Выражаясь точнее, мы видим две абсолютно разные вещи. Даже самый привычный для глаза предмет совершенно меняется, когда мы пытаемся нарисовать его: мы замечаем, что не знали его, что никогда его, в сущности, не видели" (Поль Валери).

Теперь, начав говорить почти спокойно и почти по делу, можно попытаться, насколько получится, конкретизировать красивые лозунги и заклинания о созидательной специфике режиссерского анализа. То есть: сформулировать и перечислить специфические приемы анализа, свойственные именно режиссерско-актерскому

исследованию пьесы.

Можно разбирать пьесу, обнаруживая и восстанавливая ее действенную ткань — события, факты, поступки, простые физические действия и даже жесты. Это, несомненно, анализ, и делают это только режиссеры и актеры.

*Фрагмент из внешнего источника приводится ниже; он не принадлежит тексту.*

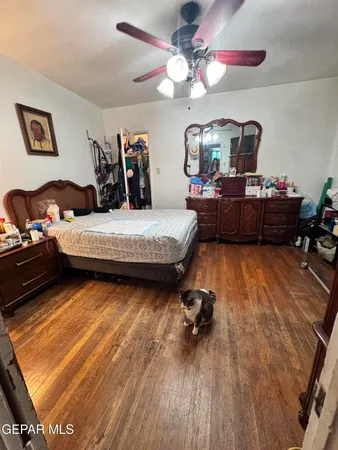 a bed room with furniture and mirror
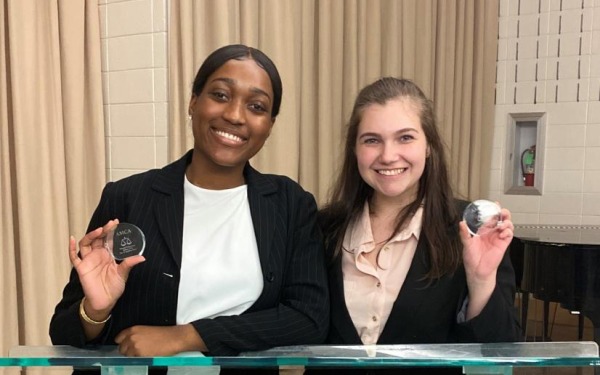 2019 moot court Crystal and Sam at podium with medals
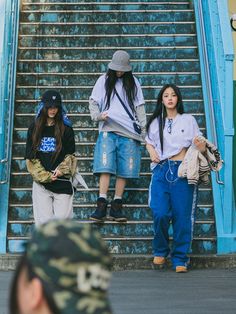 three young people are walking up some stairs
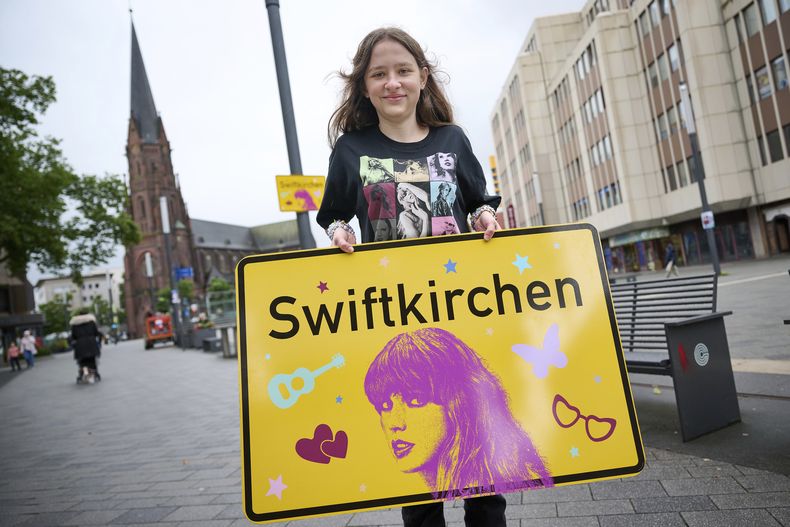 La estudiante Aleshanee Westhoff muestra un cartel de la ciudad Swiftkirchen en honor a Taylor Swift en Gelsenkirchen, Alemania, el martes 2 de julio de 2024. Los swifties están a punto de apoderarse de la ciudad alemana de Gelsenkirchen, donde la superestrella estadounidense Taylor Swift dará tres conciertos de su Eras Tour a finales de este mes. En honor al cantante, la ciudad se rebautizó como Swiftkirchen temporalmente para dar la bienvenida a las decenas de miles de fans. (Bernd Thissen/dpa via AP)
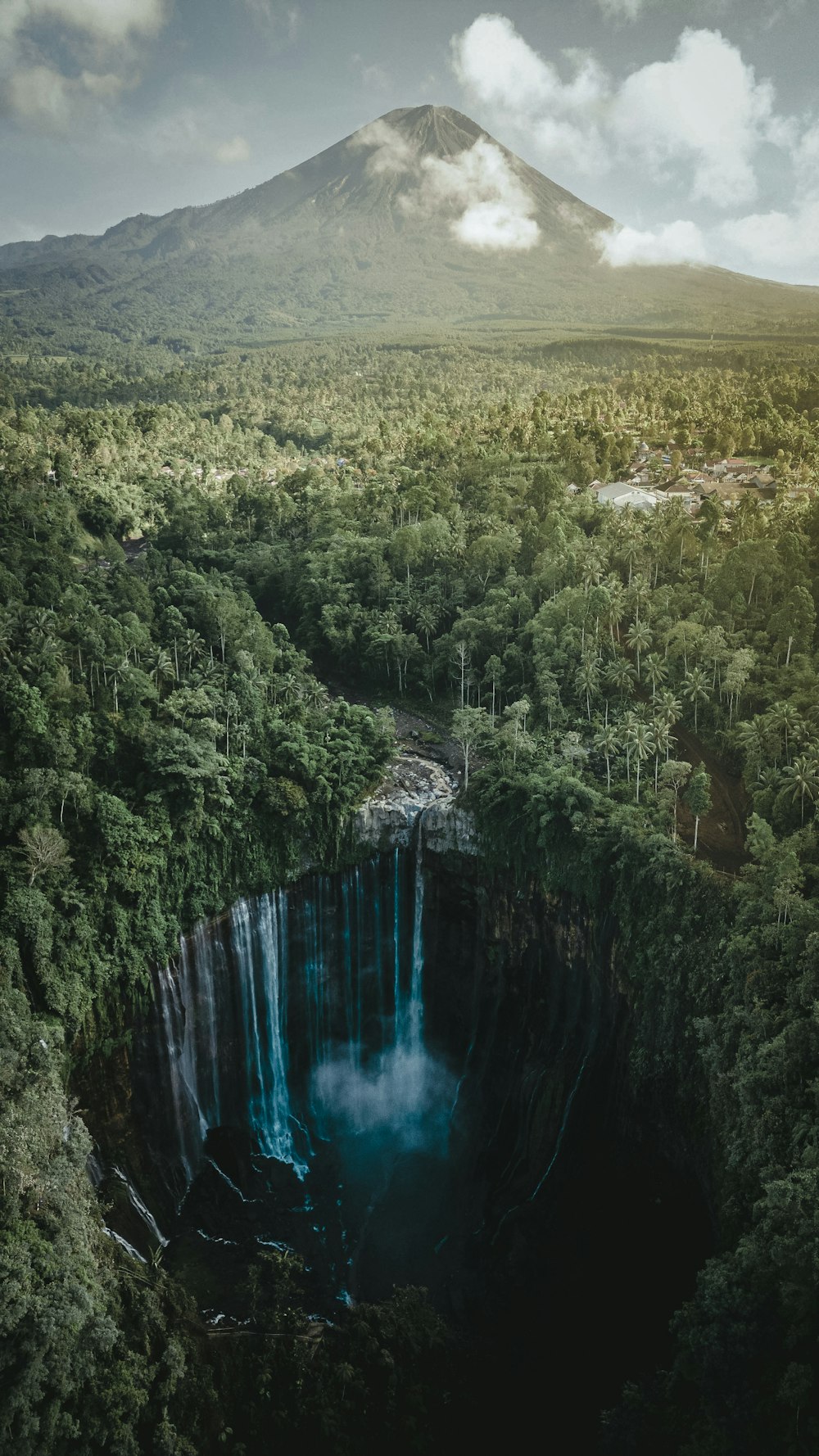 a large waterfall in the middle of a forest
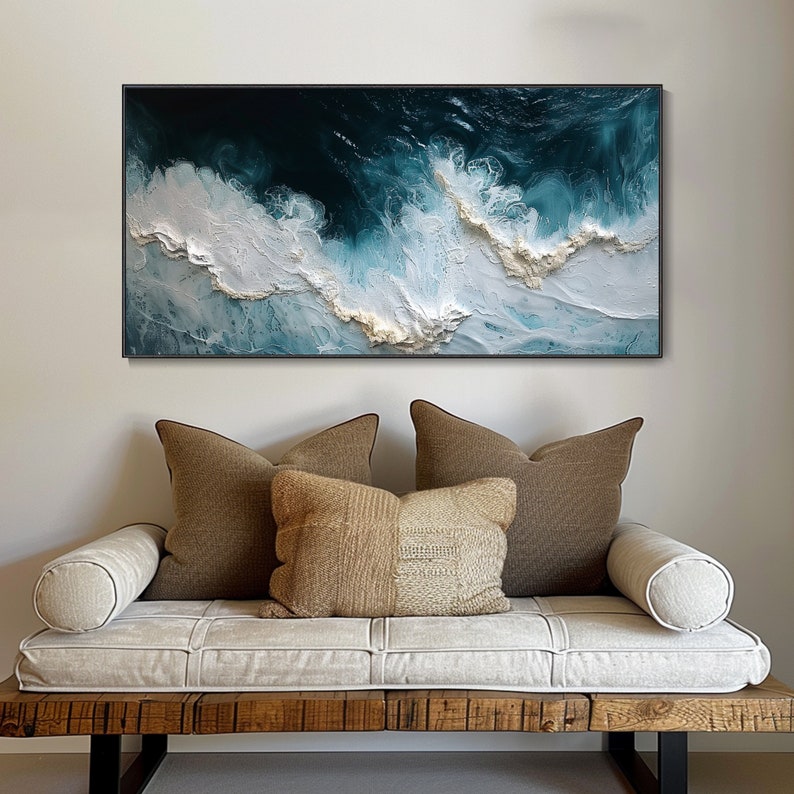 May include: A white and blue abstract painting of ocean waves with gold accents. The painting is framed in black and hanging on a white wall above a white couch with brown pillows.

Можно разбирать пьесу, раскапывая и извлекая на свет ее глубинные психологические залежи — "подтекст", "второй план", "психо-физическое самочувствие" ее героев. И это тоже будет анализ, и этим занимаются также только режиссеры и актеры. Можно анализировать другое— видения, порождаемые пьесой: внутренними видениями персонажей занимаются актеры, внешними объективными видениями происходящего в пьесе занимаются режиссеры (увидеть ту или иную сцену "как кусок жизни"). Это уже явно творческий, почти что художнический прием разбора пьесы.

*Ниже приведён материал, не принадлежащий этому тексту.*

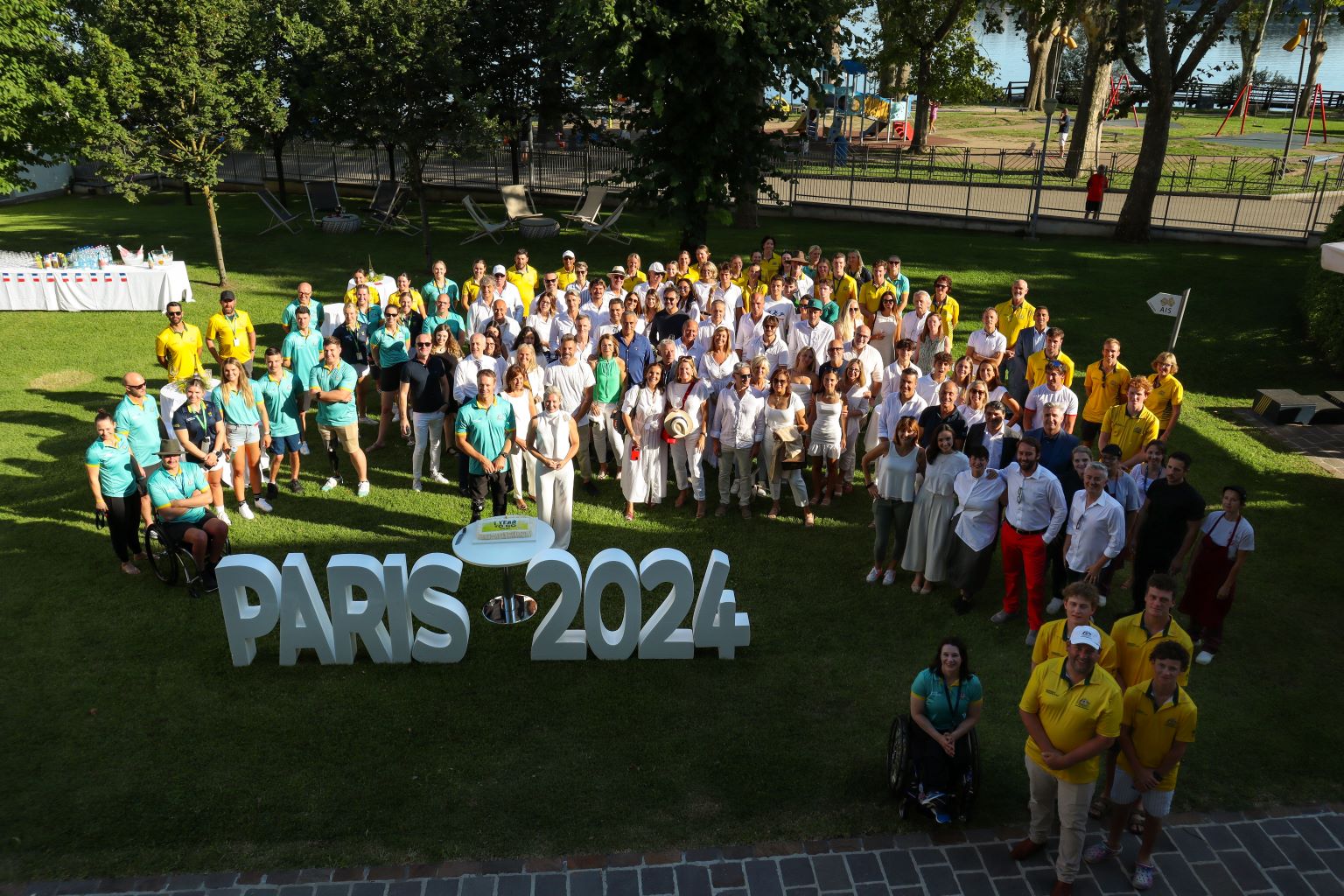 A group of people in white, green and gold, stand together behind standing letters that read 'PARIS 2024'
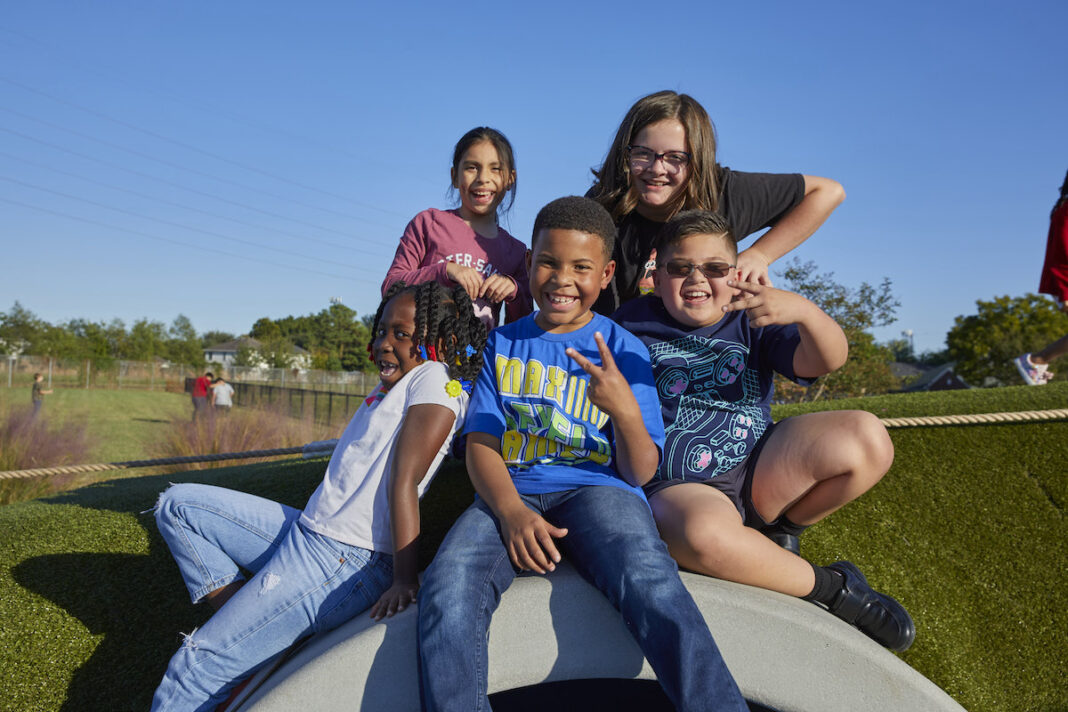 summer-fun-champ-camps-kids-piled-up-on-playground-with-big-smiles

Но если, разбирая пьесу, допустимо представлять ее как цепь фрагментов прошлой, бывшей когда-то реальной жизни реальных людей, то почему же, спрашивается, нельзя проанализировать ее и наоборот — в форме видения будущего спектакля? Разве невозможно увеличивать свое понимание пьесы, воображая ее уже идущей на сцене. Разве не начнете вы намного лучше понимать состояние персонажей, намного глубже разбираться в мотивах их поступков, намного точнее и тоньше чувствовать образную природу той или иной сценической ситуации, если попытаетесь представить себе, как это будет происходить на театре? Положительные ответы на поставленные только что риторические вопросы представляются мне в высшей степени вероятными, ибо описываемый сейчас и здесь аналитический прием обладает достоинством значительным и неоспоримым — он органичен. В процессе работы над пьесой, как бы он ни старался сосредоточиться только на ее разборе, как бы он ни пытался ограничить себя одними лишь приемами анализа, режиссер все время отвлекается в сторону: параллельно с раскладыванием пьесы на составные части, на всякие там элементы и ингредиенты, одновременно с логическими усилиями исследующего ума, в воображении режиссера то и дело возникают образ и картины будущего спектакля. Рождаются эти непрошенные видения всегда неожиданно и как бы случайно, сами собою, спонтанно, но обязательно ярко, как вспышки в темноте. Я не уверен, правильно это или неправильно, я не знаю, научно это или не очень, но я твердо знаю, что так бывает в реальной жизни любого театрального человека, а если уж это бывает в жизни, то именно из этого, только из этого и стоит делать науку о театре.

Эту особенность работы артистической фантазии в процессе постижения роли и пьесы одним из первых зорко заметил и первым детально разработал волшебник и колдун театра М. А. Чехов. "Репетировать в воображении" — так сформулировал он суть этого едва ли не магического приема.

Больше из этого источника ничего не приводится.